Quanto alla mancata ammissione della ctu (che la corte del merito ha ritenuto meramente esplorativa) la ricorrente, che nel corso del giudizio di merito non ha prodotto neppure le scritture contabili, non chiarisce sulla scorta di quali dati l’indagine potesse essere condotta. Inammissibile, infine, ai sensi dell’art. 366 c.p.c., comma 1, nn. 4 e 6, è la censura con la quale la B.B. lamenta la mancata attivazione da parte del giudice del merito dei propri poteri istruttori officiosi, senza però specificare quali siano i documenti di cui ha chiesto l’acquisizione e senza illustrarne la decisività ai fini dell’accertamento del mancato raggiungimento della soglia di fallibilità di cui alla già cit. lett. c) della L. Fall., art. 1, comma 1.

Il ricorso dovrebbe, in conclusione, essere respinto, con decisione che potrebbe essere assunta in Camera di consiglio ai sensi degli artt. 375 e 380 bis c.p.c..

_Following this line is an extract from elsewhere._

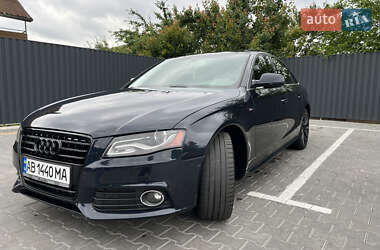 Audi A4 2011 Audi A4 2011
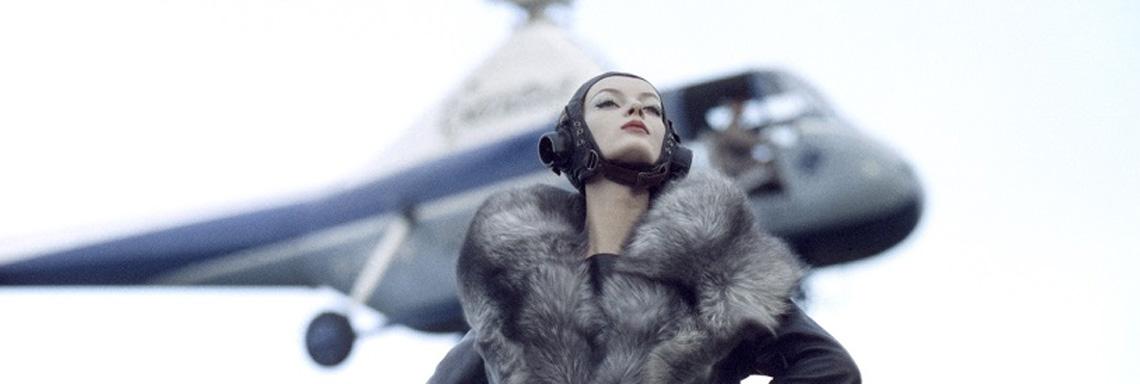 La mirada de Norman Parkinson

Il collegio ha esaminato gli atti, ha letto la relazione e ne ha condiviso le conclusioni, non utilmente contrastate dalle difese svolte all’udienza camerale dal procuratore della ricorrente, la quale non può che imputare a se stessa l’omessa redazione dei bilanci.

Il ricorso va pertanto respinto.

Poichè le parti intimate non hanno svolto attività difensiva, non v’è luogo alla pronuncia sulle spese.

PQM

La Corte rigetta il ricorso.

Ai sensi del D.P.R. n. 115 del 2002, art. 13, comma 1 quater, introdotto dalla L. 24 dicembre 2012, n. 228, art. 1, comma 17, si dà atto della sussistenza dei presupposti per il versamento da parte della ricorrente di un ulteriore importo a titolo di contributo unificato, pari a quello dovuto per la stessa impugnazione.

Così deciso in Roma, il 5 luglio 2016.